« Ce n’est pourtant pas l’Un du Véda ni le Sacrifice qui marquent le terme de la pensée védique. C’est la notion de brahman (la première occurence du terme apparaît dans le Xe Livre du Brâmana des Cent chemins ou Catapatha-Brâmana). Formé sur la racine verbale BRIH, qui note l’idée de croissance et de plénitude intensive, le brahman(mot neutre)était l’énergie inhérente aux formules rituelles que connaît le prêtre brâhmana (mot masculin), détenteur de la Parole souveraine. C’est cette énergie érigée en force transcendante universelle qui fondait l’efficace opératoire du sacrifice védique.

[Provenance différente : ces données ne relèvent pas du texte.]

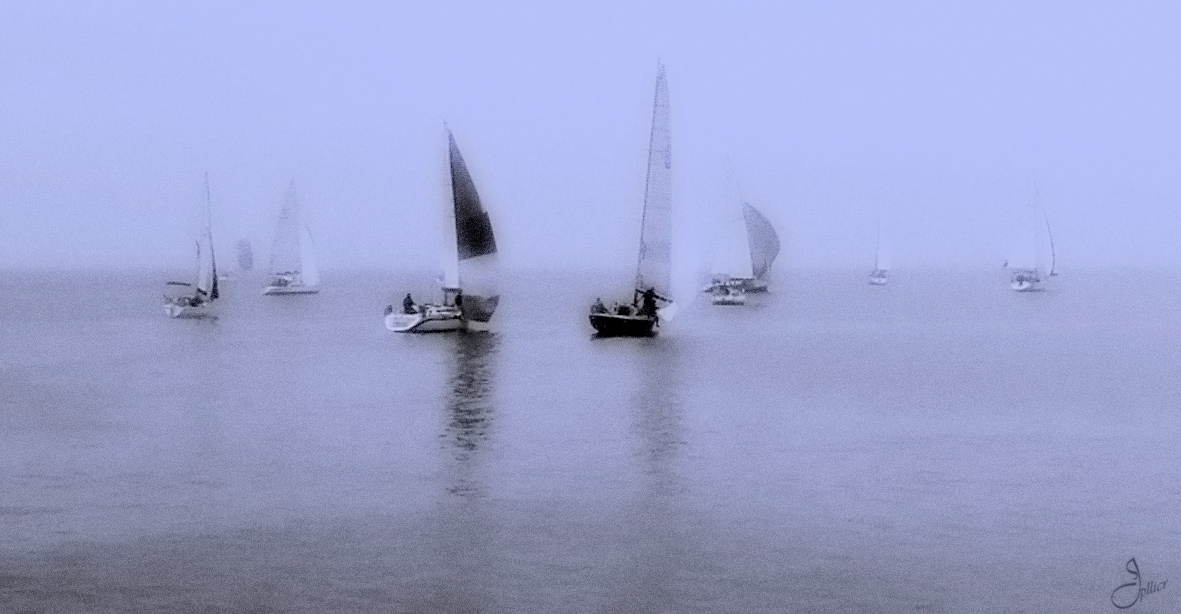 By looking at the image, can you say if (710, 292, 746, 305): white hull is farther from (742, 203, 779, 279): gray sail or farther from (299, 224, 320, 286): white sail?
(299, 224, 320, 286): white sail

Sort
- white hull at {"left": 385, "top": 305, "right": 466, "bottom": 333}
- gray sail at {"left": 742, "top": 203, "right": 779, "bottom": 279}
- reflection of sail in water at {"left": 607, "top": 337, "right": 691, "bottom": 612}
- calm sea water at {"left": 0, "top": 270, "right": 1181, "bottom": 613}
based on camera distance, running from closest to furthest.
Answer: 1. reflection of sail in water at {"left": 607, "top": 337, "right": 691, "bottom": 612}
2. calm sea water at {"left": 0, "top": 270, "right": 1181, "bottom": 613}
3. white hull at {"left": 385, "top": 305, "right": 466, "bottom": 333}
4. gray sail at {"left": 742, "top": 203, "right": 779, "bottom": 279}

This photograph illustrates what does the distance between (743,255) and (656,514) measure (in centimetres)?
10920

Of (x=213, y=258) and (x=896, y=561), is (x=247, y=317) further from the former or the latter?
(x=896, y=561)

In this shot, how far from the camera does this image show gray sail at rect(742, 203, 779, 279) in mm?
137875

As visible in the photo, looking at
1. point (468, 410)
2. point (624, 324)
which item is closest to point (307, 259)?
point (624, 324)

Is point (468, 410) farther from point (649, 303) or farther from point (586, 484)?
point (649, 303)

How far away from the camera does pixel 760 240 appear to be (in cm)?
14038

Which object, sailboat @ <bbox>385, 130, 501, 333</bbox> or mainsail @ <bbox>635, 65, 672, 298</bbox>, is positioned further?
sailboat @ <bbox>385, 130, 501, 333</bbox>

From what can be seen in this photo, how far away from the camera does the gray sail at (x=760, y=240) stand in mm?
137875

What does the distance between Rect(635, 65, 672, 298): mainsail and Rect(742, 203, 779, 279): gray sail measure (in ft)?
207

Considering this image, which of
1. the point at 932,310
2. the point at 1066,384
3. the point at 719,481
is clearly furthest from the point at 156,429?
the point at 932,310

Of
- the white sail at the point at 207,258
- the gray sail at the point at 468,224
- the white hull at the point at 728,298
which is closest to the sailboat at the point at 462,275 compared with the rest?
the gray sail at the point at 468,224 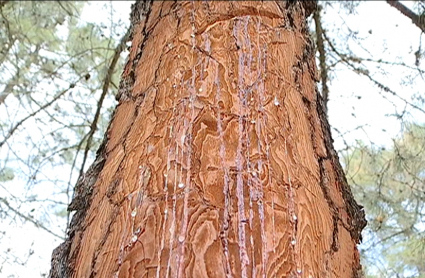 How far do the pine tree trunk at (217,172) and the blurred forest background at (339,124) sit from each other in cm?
54

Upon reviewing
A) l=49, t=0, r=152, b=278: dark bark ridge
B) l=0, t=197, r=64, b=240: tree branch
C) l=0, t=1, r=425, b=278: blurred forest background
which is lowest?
l=49, t=0, r=152, b=278: dark bark ridge

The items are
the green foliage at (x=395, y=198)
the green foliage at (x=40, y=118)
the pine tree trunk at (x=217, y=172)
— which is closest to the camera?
the pine tree trunk at (x=217, y=172)

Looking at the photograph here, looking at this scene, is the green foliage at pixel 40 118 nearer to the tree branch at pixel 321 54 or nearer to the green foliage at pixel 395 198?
the tree branch at pixel 321 54

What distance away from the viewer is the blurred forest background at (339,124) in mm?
1428

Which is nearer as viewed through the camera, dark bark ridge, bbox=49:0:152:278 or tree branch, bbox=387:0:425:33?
dark bark ridge, bbox=49:0:152:278

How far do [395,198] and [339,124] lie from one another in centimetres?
32

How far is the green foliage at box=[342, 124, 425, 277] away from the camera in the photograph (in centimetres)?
135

Elle fut alors progressivement hypostasiée et promue au rang de source créatrice universelle, de force cosmogonique responsable de la naissance et de l’évolution de l’univers des formes: l’Univers, en sa richesse, d’apparaître comme la manifestation extensive et glorieuse d’une intensité aussi généreuse qu’infinie. Cette insondable source universelle indifférenciée est tenue pour à la fois transcendante et en dehors de ce monde, et immanente au monde, en tant que trame substantielle des phénomènes. C’est ainsi que la quête du Principe universel, amorcée dans les « hymnes spéculatifs » du Véda, trouva son terme dans la désignation du brahman à la fois comme absolu et comme créateur. En bref, le brahman, en tant que fondement substantiel de tout être et racine invisible des phénomènes, est le « mot de l’énigme » du monde: il est le « Réel du réel »(satyasya satya ), l’ens realissimum, autrement dit l' »Être de l’étant ».
Parallèlement à cette quête du Principe universel, la spéculation naissante, faisant fond sur les correspondances et les homologies entre le microcosme et le macrocosme que l’oeuvre rituelle avait vocation à déployer systématiquement, en vint à découvrir qu’un principe d’unité et de cohésion réside également dans tous les êtres individualisés, et bien-sûr, en l’homme, principe qui joue le même rôle au plan du microcosme que celui du brahman au plan du macrocosme: tout se passe comme si le brahman avait pour corrélatif ou pour résurgence au plan du microcosme un principe intérieur d’unité et de cohésion connu sous le nom de « soi-même » (atman, le terme est surtout usité à partir du Brâhmana des Cent chemins[Catapatha Brâhmana, X.6.3] et présent à l’intime de tout être individualisé.
C’est en ce sens que Yâjnavalkya peut répondre à Câkrâyana:
« Tu demandes ce qu’est le brahman? -C’est ton (propre) »soi-même » (atman) qui est intérieur à tout! » (Brihadâranyaka Upanishad, III.4.1)
Chez les êtres, ce « soi-même », est le substrat unitaire de leurs éléments ou constituants; chez l’homme, ce « soi-même »(le terme atman est couramment usité en sanskrit au lieu du pronom réfléchi) est le principe de vie en même temps que la puissance spirituelle résidant dans son coeur. Il semble que les deux doctrines de l’atman et du brahman se soient en réalité simultanément développées et mutuellement influencées à mesure qu’elles s’approfondissaient jusqu’à leur jonction finale que devait sceller la Révélation upanishadique. Reste à comprendre en quoi cette dernière marqua une révolution opérée à l’intérieur de la continuité védique. »
François Chenet, La philosophie indienne.